Seit vielen Jahren, ungefähr 12, habe ich Schmerzen. Es fing an mit dem Aufstehn, meine Füße waren am Morgen sehr ungelenkig, die Hände dick und Rückenschmerzen. Da ich eine Frohnatur bin, hab ich mir gesagt, reiss Dich zusammen , denk an die Kinder, keine Wehwehchen! Mit den Jahren nahm es zu, Schmerzatbletten geschluckt, mal gehumpelt und mal die Welt verflucht, aber weiter!
Ich hab immer gesagt, solange mein Mund noch geht ;-), hab ich nichts. Ging es mal ganz bescheiden, dann war ich bei meiner Ärztin, Blut "gespendet", Vorträge erhalten, -irgendwann kannst Du Dich nicht mehr anziehen, Du mußt zum Facharzt usw. Morbus Bechterev, "Rheuma", aber ich habe meine Ohren verschlossen.

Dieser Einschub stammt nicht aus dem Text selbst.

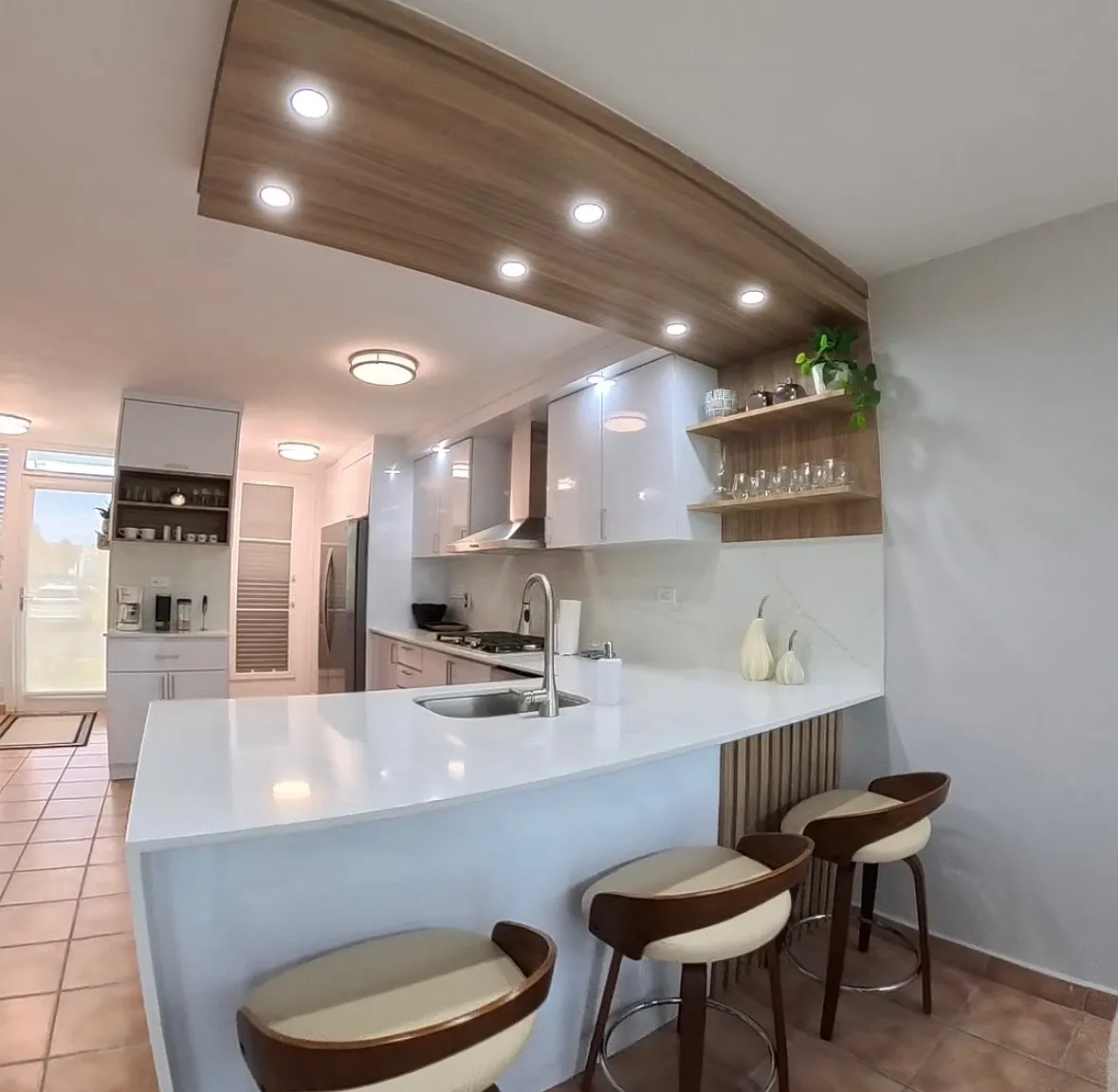 4 bed, 4.5 bath, 2900 sqft, $5,200 — Photo 3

Dann rutschte ich in eine handfeste Depri rein, wollte sogar aus dem Fenster springen, aber aus dem 1. Stock, bringt wahrscheinlich nicht viel. Jetzt kann ich darüber schmunzeln, aber ich will so was nicht noch mal erleben!
In dieser Zeit hat mir meine Familie sehr geholfen, vielen Dank!!!!

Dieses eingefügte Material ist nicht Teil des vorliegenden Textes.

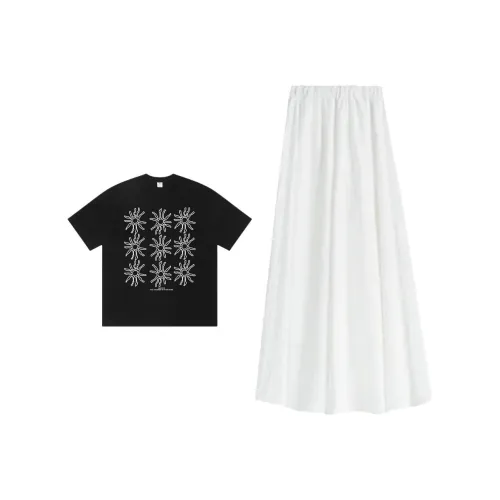 SKYA Женские Комплекты с юбкой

Dann im letzten Herbst Schwindelattacken, so das ich im Krankenhaus landete, sie haben nichts gefunden und da war ich dann wirklich der Meinung, ich bilde mir das alles nur ein, meine Schmerzen, dass ich die Treppe am Morgen runter gefallen war, das ich nicht mehr richtig laufen konnte, dass meine Oberschenkel zittern, meine Schwellungen an den Füßen und den Händen, mein Hüft-, Rücken-, HWS-, Kiefergelenkschmerzen usw.

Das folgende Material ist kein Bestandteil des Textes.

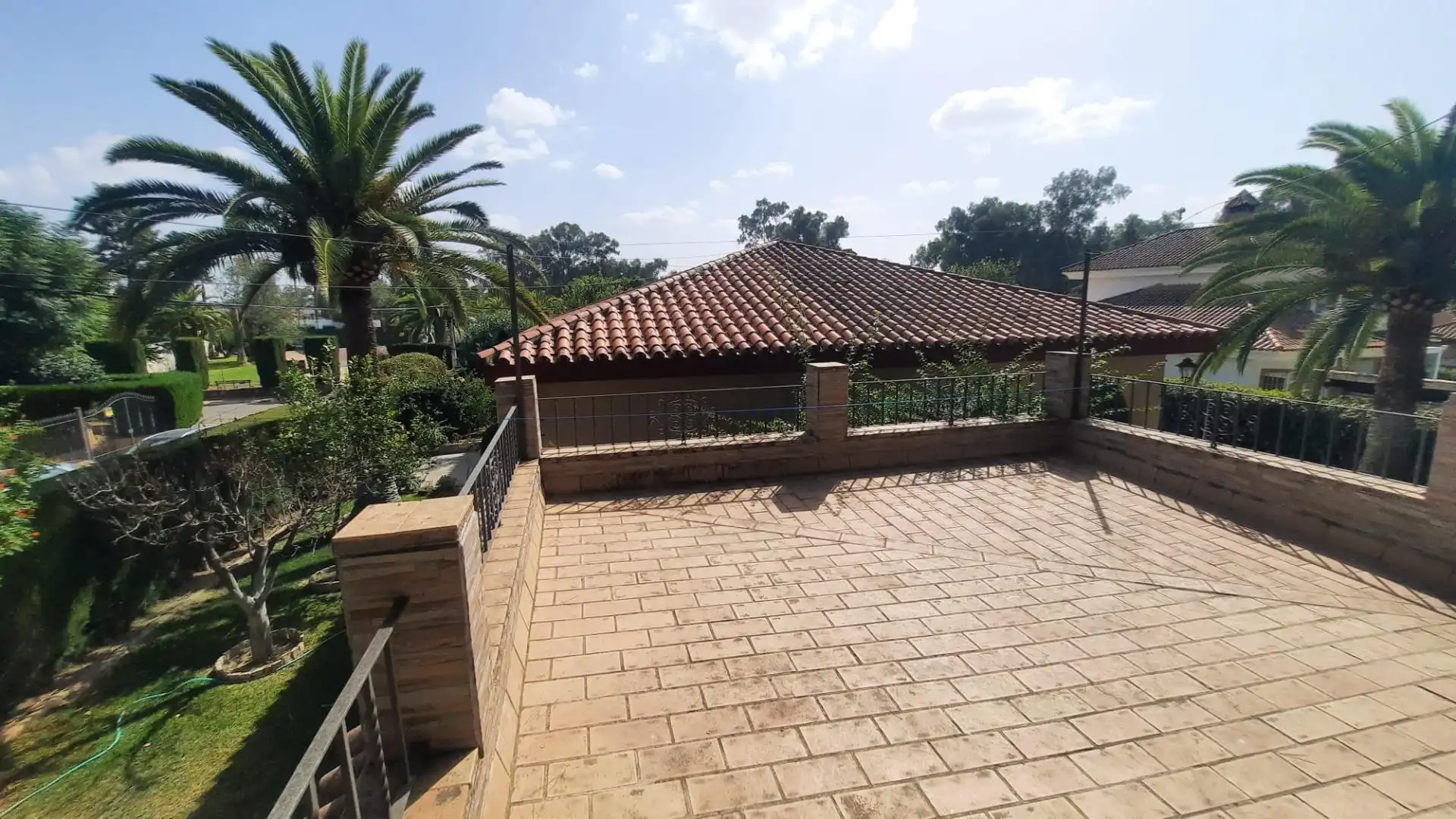 Chalet con piscina en venta en Carmona, imagen 9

Ich war wirklich richtig fertig, wir haben 2 Hunde, ich bin immer mit ihnen gelaufen, wandere gern, habe immer alles nach Hause getragen, beim hausbau und der Gartengestaltung geholfen und nun nur noch ein Frack? Meinen Enkel konnte ich nicht auf den Arm nehmen, da war dann der Punkt erreicht - ich hatte keine Lust mehr!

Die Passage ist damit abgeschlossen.